Я спустился вниз, купил утреннюю газету. Руки у меня дрожали, когда я разворачивал хрустящие страницы. Мне казалось, на первой же полосе будет новость об убийстве отдыхающего. Но в газете я ничего не нашел. Очевидно, тело еще не обнаружили. Я представил, как Роберт лежит в своем номере, неестественно вытянувшись, и мне стало так плохо, что пришлось сесть на землю.

Новостей не было ни в этот день, ни на следующий. Вика твердила, что нас не подозревают, что никто не свяжет наш отъезд со смертью Роберта. И в конце концов уговорила меня поехать к ее друзьям, у которых был домик на Балтийском море. Когда заканчивался сезон, они возвращались в город, а ей оставляли ключи.

– И вы согласились?

– Видишь ли, Васенька, она начинала приобретать надо мной власть, силу которой я еще не осознавал. Что-то в ее отношении ко мне поменялось, и я это чувствовал. Появилась деспотичная уверенность в том, что я буду делать все, что она захочет. Окончательно это стало ясно, когда мы переселились в домик на море.

Ковальский закашлялся.

– Воды, Анжей Михайлович? – озабоченно спросил Василий.

– Да, налей холодненькой.

Полина побледнела. Взгляд ее остановился на графине с водой, рассыпавшем солнечные зайчики на кухонном столе.

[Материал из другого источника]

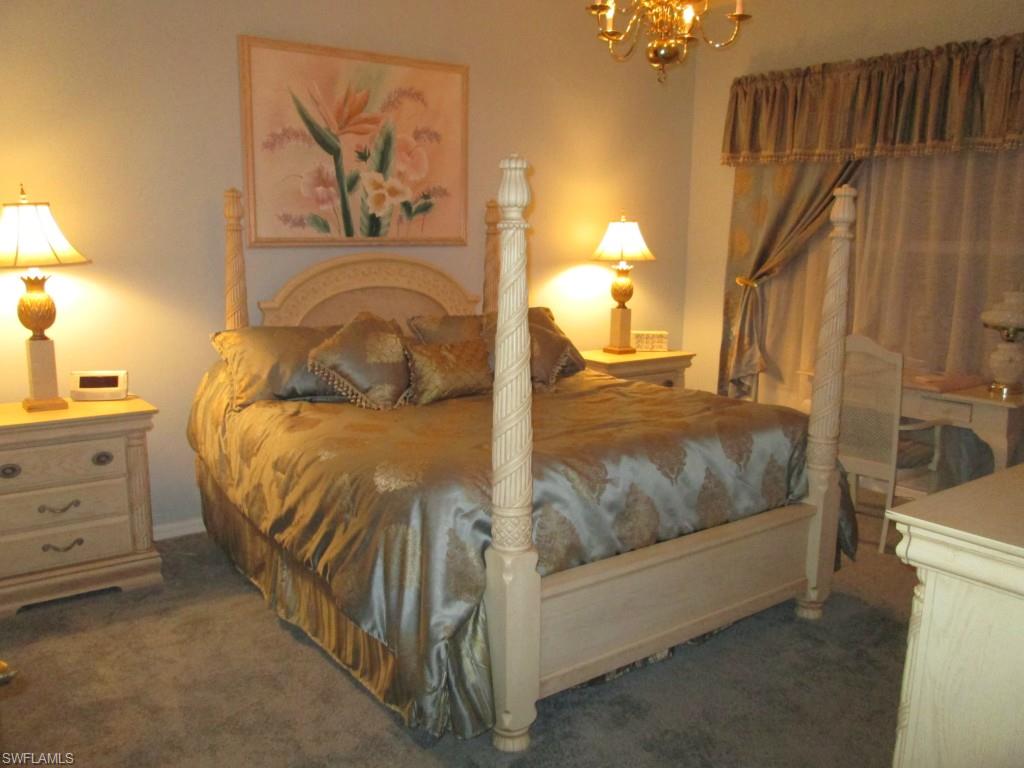 FEATHERBROOK - Residential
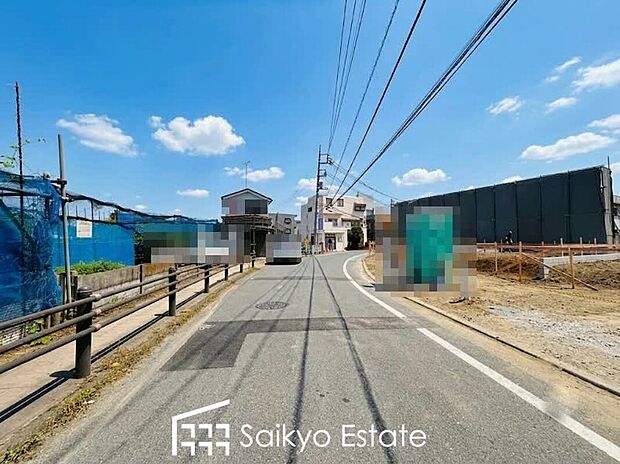 【前面道路】前面道路、幅員がございますので、駐車もスムーズに行えます!駐車が少し苦手なママさんでも安心ですね♪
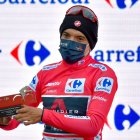 Richard Carapaz se mostró feliz de portar el maillot rojo como líder de la Vuelta a España.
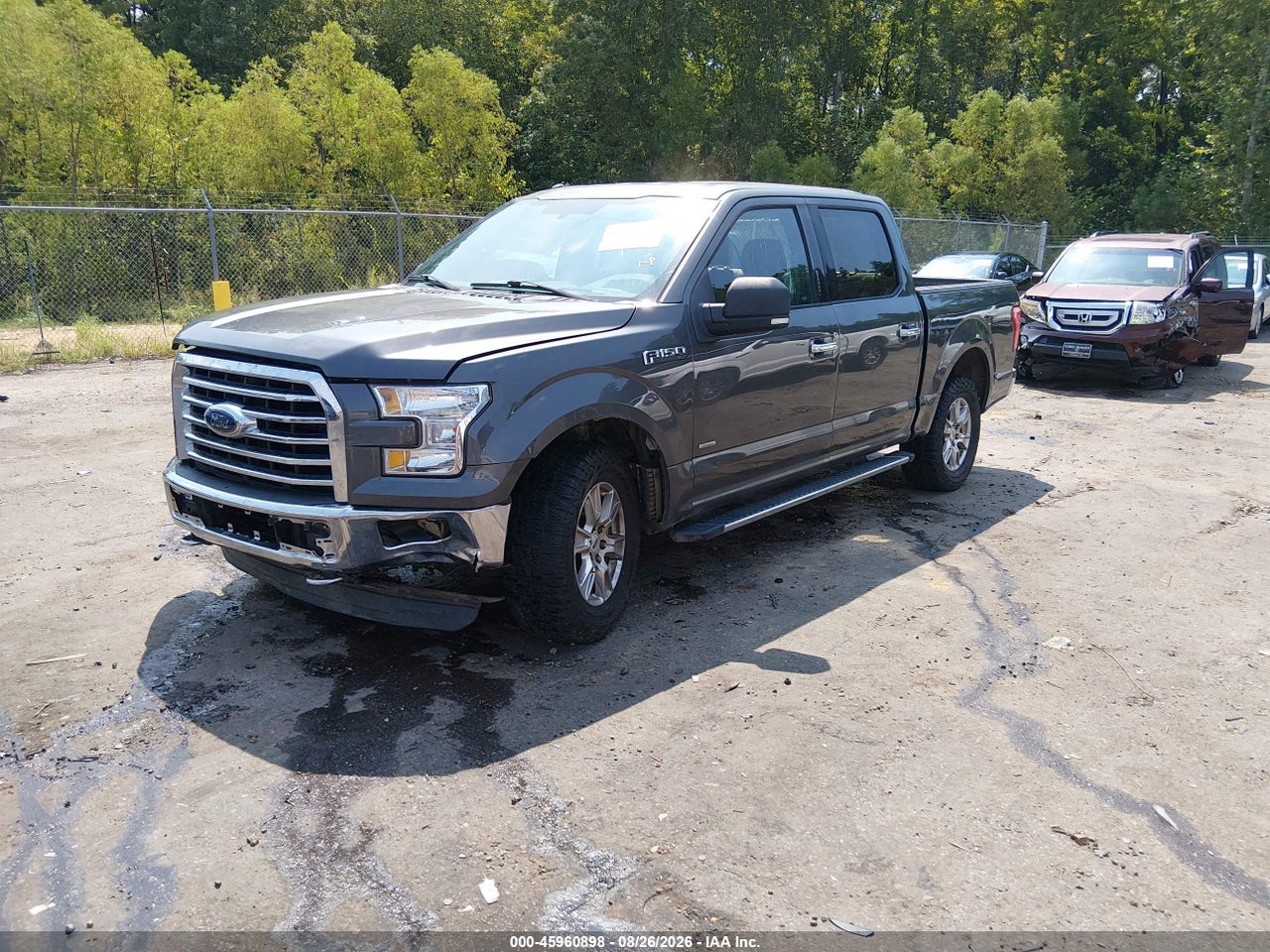 2015 FORD F-150 XLT · 2/11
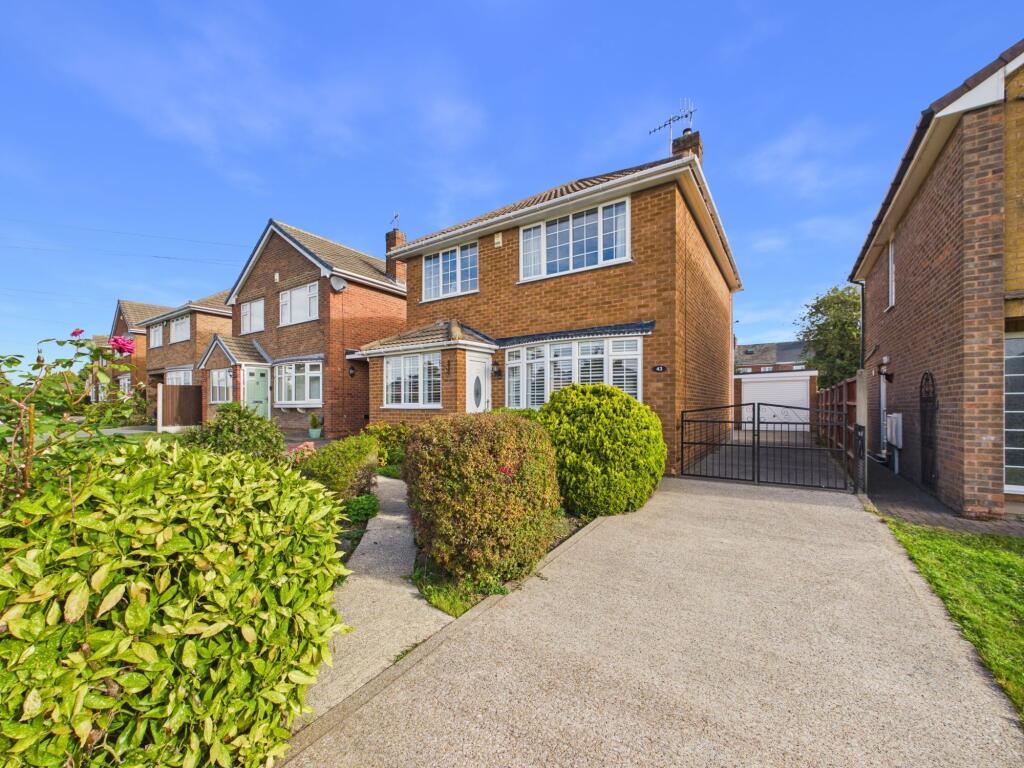 House in Chesterfield, Derbyshire - View 2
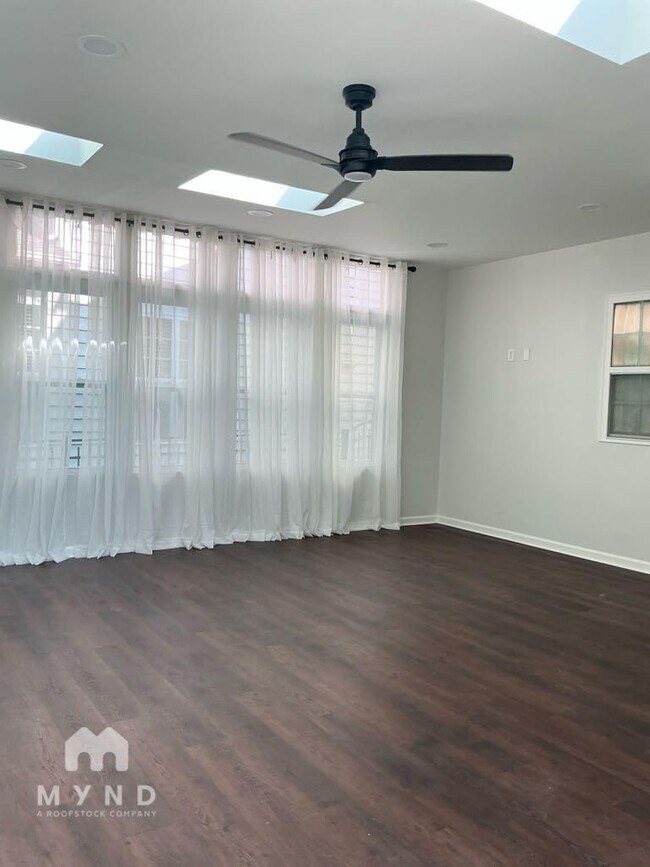 Foto del edificio - 9224 Ardrey Woods Dr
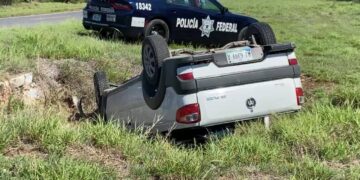 Vuelca pareja en la carretera Victoria-El Mante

Из столовой донеслись шаги.

Полина за дверью превратилась в статую. Она перестала дышать и вжалась в узенькое пространство между стеной и дверью, пытаясь слиться с обоями.

Василий прошел мимо нее. Скрипнула дверца шкафа, тихо звякнул стакан.

Услышав звук льющейся воды, Полина в страхе зажмурилась. Все. Сейчас Василий обернется и увидит ее.

Секунда, другая, третья… Стоять, зажмурившись, больше не было сил, и Полина открыла глаза.

В кухне никого не было. Василий ухитрился бесшумно пройти мимо девушки, не заметив ее.

– Спасибо, Васенька, – сказал в столовой Ковальский.

Полина вытерла мокрый лоб.

– Значит, вы стали жить вместе?

– Да. Очень скоро я понял, что совершил чудовищную ошибку. Вика становилась невыносима. Она придумывала идиотские игры и заставляла меня участвовать в них, она таскала меня с собой повсюду, словно комнатную собачонку. Отказаться – означало вызвать у нее истерику. Несколько раз она в ярости визжала, что вытащила меня из тюремной камеры, а я – неблагодарная мразь. Иногда она казалась мне помешанной. Я поражался, что не замечал раньше, насколько она неуравновешенная.

– Почему вы не уехали от нее?

– Пытался. После очередного ее припадка я сказал, что нам нужно поговорить. Объяснил, что мне тяжело с ней, что я хочу пожить один. Она слушала меня с окаменевшим лицом. Я боялся новых рыданий, но Викин ответ показал, насколько я ее недооценивал.